A implantação de imitadores de ruído de macaco durante visitas de estado e outras funções importantes é uma tática relativamente nova em Délhi, e muito menos agressiva do que as autoridades da cidade usadas no passado: caçadores de macacos humanos e langures cinzentos reais, sem mencionar estilingues, pedras e tranquilizantes armas.
Em 2012, o governo nacional proibiu o uso de langures reais, depois de activistas terem dito que a prática equivalia a crueldade contra os animais.
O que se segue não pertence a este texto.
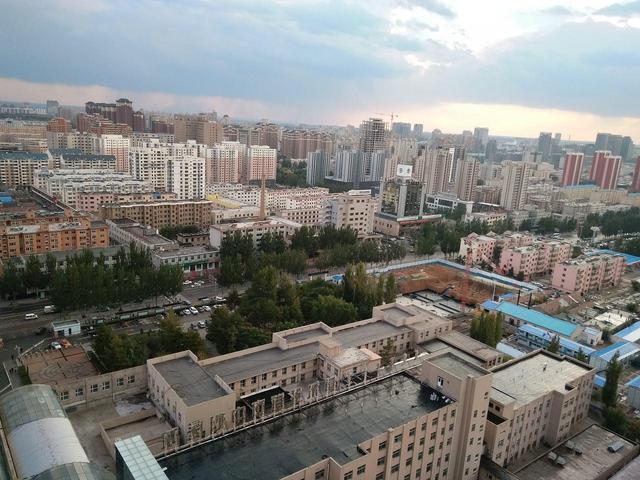 鄂尔多斯绿色转型之路，探索与挑战并存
A maioria desses langures foi capturada na natureza, violando as leis indianas, disse Valentina Sclafani, psicóloga da Universidade de Lincoln, na Grã-Bretanha, que estudou o comportamento dos primatas.
Outro desafio é que no hinduísmo, a religião dominante na Índia, os macacos são vistos como representações de uma divindade, e algumas pessoas gostam de alimentá-los como uma oferenda tradicional.
Assim, as autoridades de Delhi começaram a procurar outras opções. Os imitadores de voz Langur, por exemplo, faziam parte de um esforço maior para limpar as arestas de Delhi antes da visita de estado do presidente Obama em 2015.
Mas será que esse mimetismo realmente funciona?
Emily Bethell, especialista em comportamento de primatas e cognição social na Universidade Liverpool John Moores, na Grã-Bretanha, disse não ter encontrado nenhum estudo revisado por pares sobre o mimetismo da voz de langures como uma estratégia eficaz para conter uma população de macacos.
Ainda assim, disse ela, a prática parece basear-se numa compreensão sólida do comportamento dos macacos.
“Se eles conseguem imitar esses chamados tão de perto que um macaco os interpretaria como vindos de um langur, não podemos saber sem testes científicos rigorosos”, disse o Dr. Bethell por e-mail. “No entanto, os macacos podem estar familiarizados com os humanos que fazem esses chamados e associá-los a ameaças, o que pode ser suficiente.”
Sclafani também expressou um otimismo cauteloso sobre a prática, dizendo que há algumas evidências de que os macacos podem reconhecer e responder ao alarme e aos chamados territoriais dos langures sob certas condições.
Uma hipotética perturbação no G20 poderia ameaçar a reputação “meticulosamente construída” do governo para a gestão de eventos e dar à oposição política motivo para atacar o partido do governo do primeiro-ministro Narendra Modi antes das próximas eleições estaduais, disse Sanjeev MA, professor de marketing da o Jaipuria Institute of Management em Lucknow, Índia, que estudado comunicação de crise por autoridades indianas durante a pandemia de coronavírus.
Se algum macaco fosse morto, acrescentou, isso iria perturbar os membros da maioria hindu da Índia e permitiria à oposição questionar as sensibilidades religiosas do governo.
Upadhyay, o funcionário municipal, recusou o pedido de um repórter para entrevistar alguns dos imitadores. Ele disse que o trabalho deles fazia parte da pesquisa contínua das autoridades florestais para encontrar novas maneiras de espantar os macacos.
Ele expressou confiança nas chances de sucesso dos imitadores no G20.
“Será 100 por cento eficaz?”, disse ele. “Não funciona dessa maneira.”